Spencer, K. (2012). A study of the impact of a first-year experience initiative on first-year developmental education student success and persistence (Doctoral dissertation). Retrieved from ProQuest Dissertations and Theses database. (UMI No. 3542047)

Highlights

    • The study’s objective was to examine the impact of the Achieving the Dream learning community program on students’ retention and completion of developmental English and math courses at a community college in Michigan.
    • The study used students’ records to compare outcomes of developmental education students who enrolled in the Achieving the Dream program to outcomes of those who took standard developmental courses.
    • The study found no significant differences between the treatment and comparison groups in retention rates or in completion of English or math developmental courses.
    • The quality of causal evidence presented in this study is low because the author did not include sufficient controls in the analysis.
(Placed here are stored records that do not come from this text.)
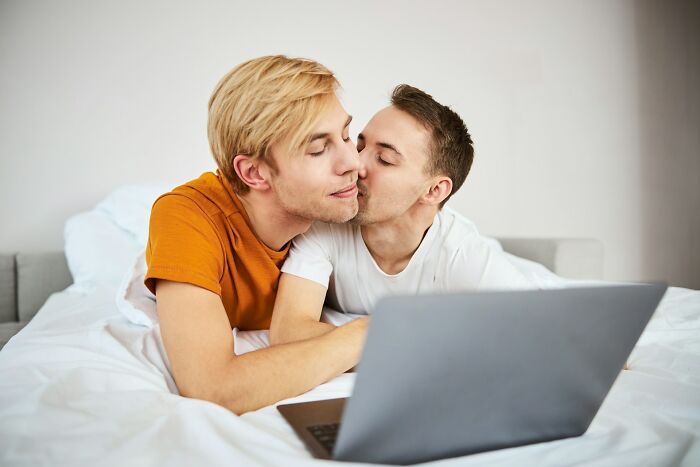 Two men sharing a tender moment on a bed with a laptop, illustrating secrets people keep from their lovers.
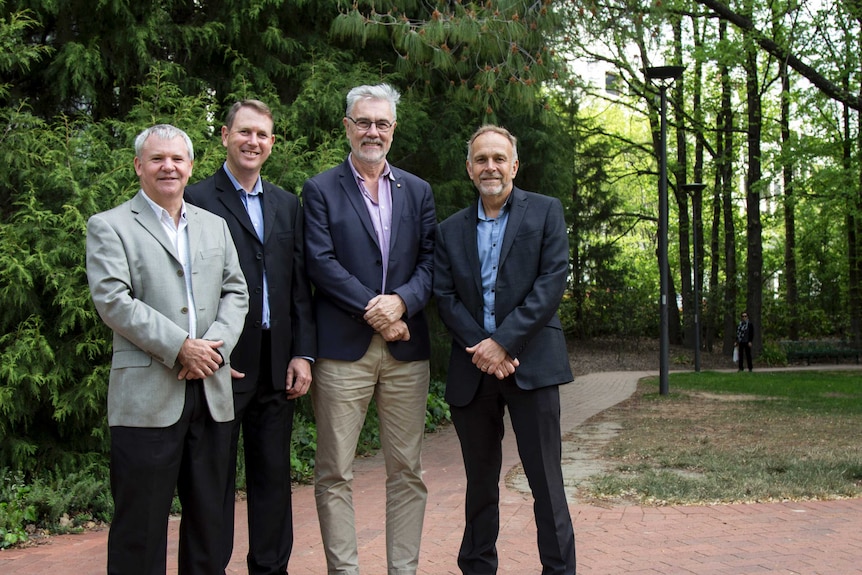 Four men stand together in a park.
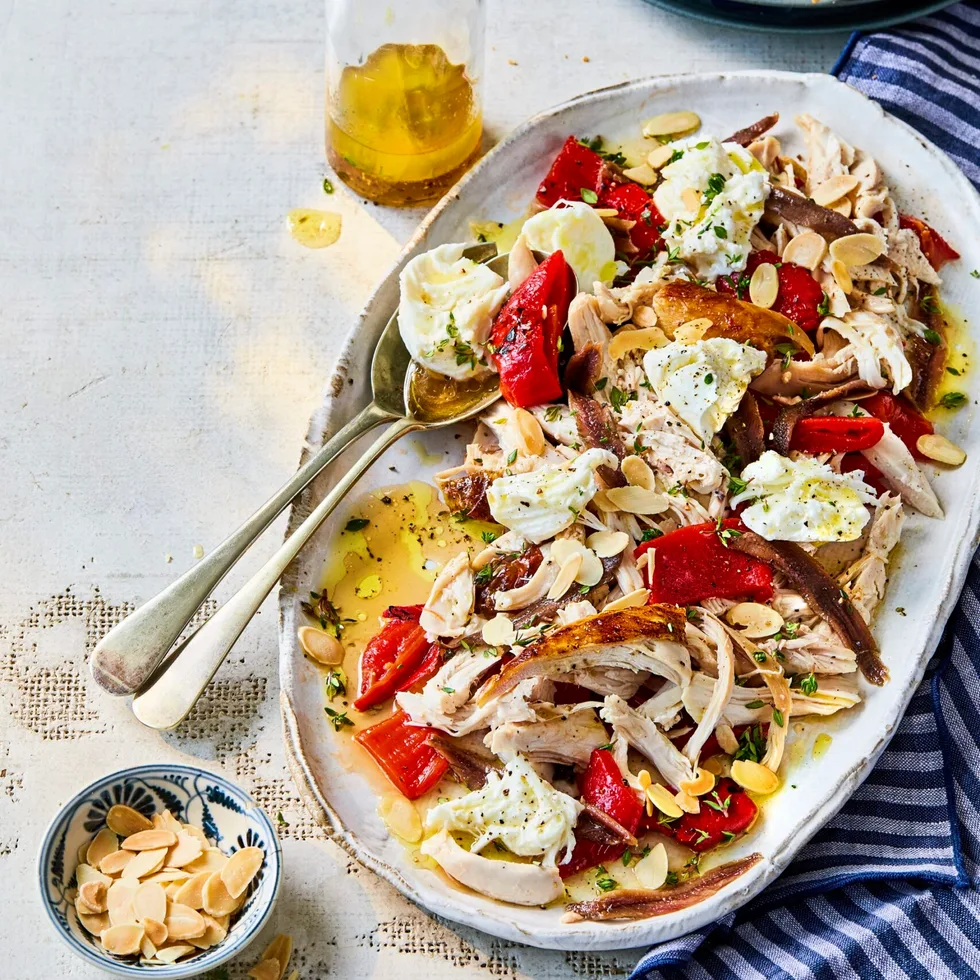 chicken capsicum salad with anchovies and bread in long oval bowl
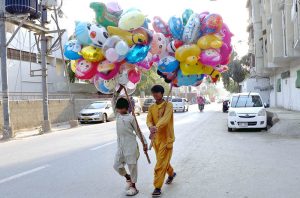 Young street vendors walk through the busy city streets, carrying colorful balloons to attract customers, adding a cheerful touch to the urban bustle.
This means we are not confident that the estimated effects are attributable to Achieving the Dream. Other factors are likely to have contributed.

Intervention Examined

Achieving the Dream

Features of the Intervention

Achieving the Dream was a nationwide initiative to develop interventions to improve outcomes for first-year community college students, with a focus on low-income students and students of color. The Achieving the Dream intervention in this study was a learning community program with academic advising for first-year students in developmental education programs at a Michigan community college. Participants were required to complete a set of developmental courses (in reading, math, and a first-year seminar) during their first semester at the college. These courses had to be taken together during a student’s first semester.

Features of the Study

The study used a nonexperimental design to compare outcomes of students who chose to participate in the Achieving the Dream program with outcomes of those who took standard developmental courses. Analyses were based on cross-tabulations of students’ records data and Chi-square tests were used to determine statistical significance. There were 64 students in the treatment group and 176 in the comparison group.

Findings

    • The study found no significant differences between the treatment and comparison groups in retention rates or in completion of English or math developmental courses.
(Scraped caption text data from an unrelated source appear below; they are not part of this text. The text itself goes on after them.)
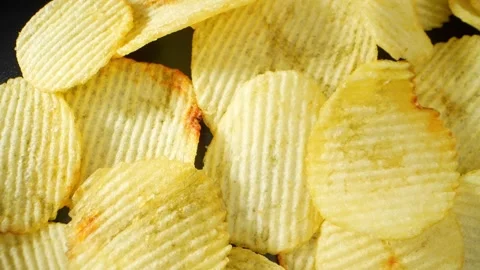 Macro video showcases the mesmerizing details of wavy potato chips Stock Footage 244801449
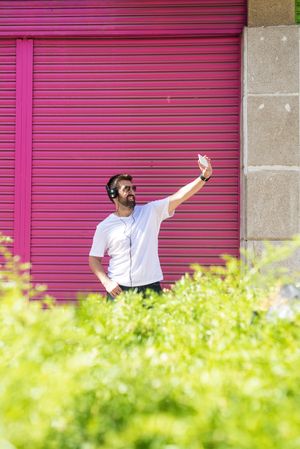 Man in headphones taking selfie with phone in front of pink wall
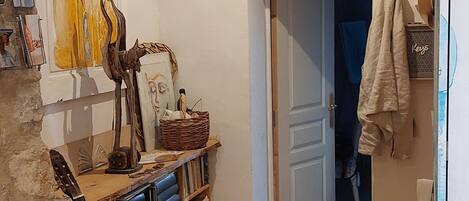 A room with a wooden floor, a guitar, a bookshelf, and a door leading to another room.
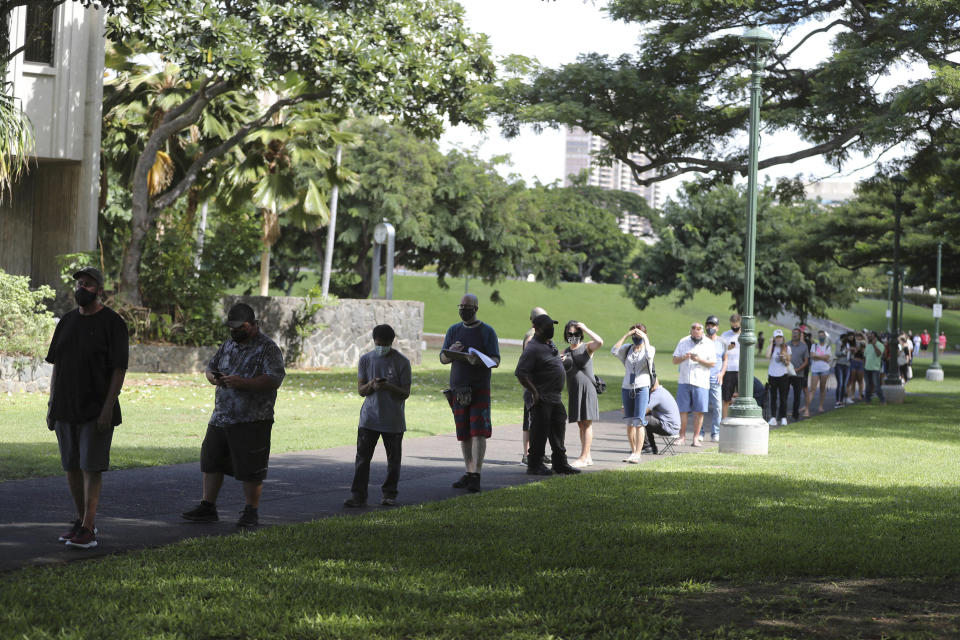 FILE - In this Nov. 3, 2020, file photo, a long line of people waiting to vote stretches around City Hall on Election Day, in Honolulu. Voter advocates say Hawaii should set up more voter service centers after a last-minute surge of voter interest led to hours-long lines for in-person voting on Election Day even as the state shifted to a vote-by-mail system for casting ballots. (AP Photo/Marco Garcia, File)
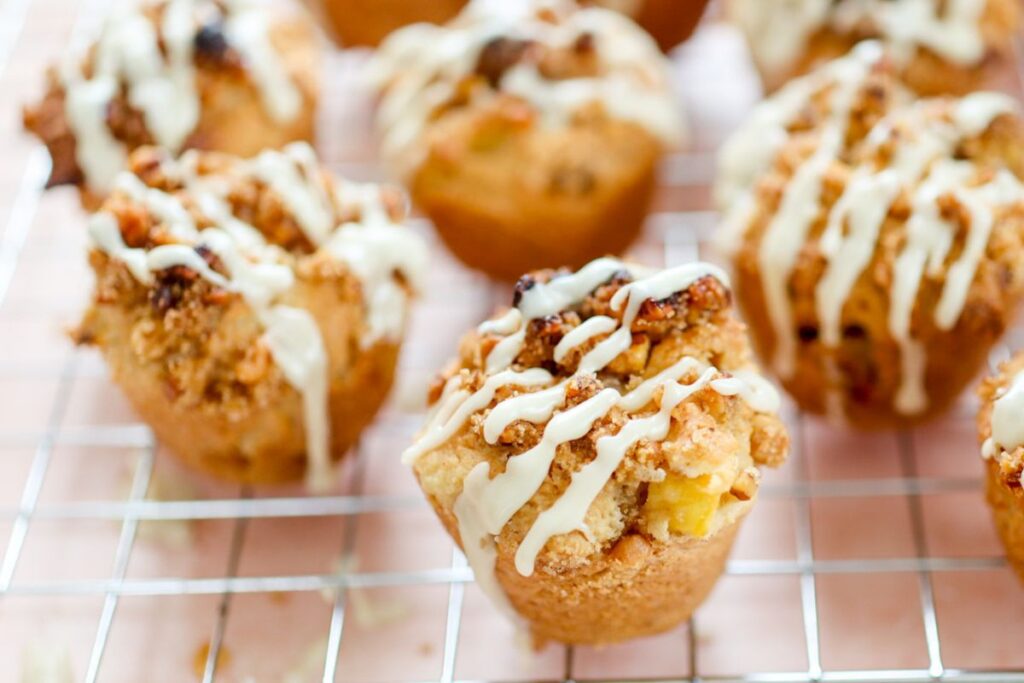 maple and mango muffins resting on a cooling rack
Considerations for Interpreting the Findings

Students who self-selected into the Achieving the Dream program or into standard developmental courses could differ in observable and unobservable ways. Existing differences could bias impact estimates unless the study properly accounted for these differences. The study did not account for existing differences between the treatment and comparison groups. It did not demonstrate that treatment and comparison groups were similar on key characteristics before the intervention or include any statistical controls. Therefore, the study is not eligible for a moderate causal evidence rating, the highest rating available for nonexperimental designs.

Causal Evidence Rating

The quality of causal evidence presented in this study is low because the author did not use sufficient controls in the analysis. This means we are not confident that the estimated effects are attributable to Achieving the Dream. Other factors are likely to have contributed.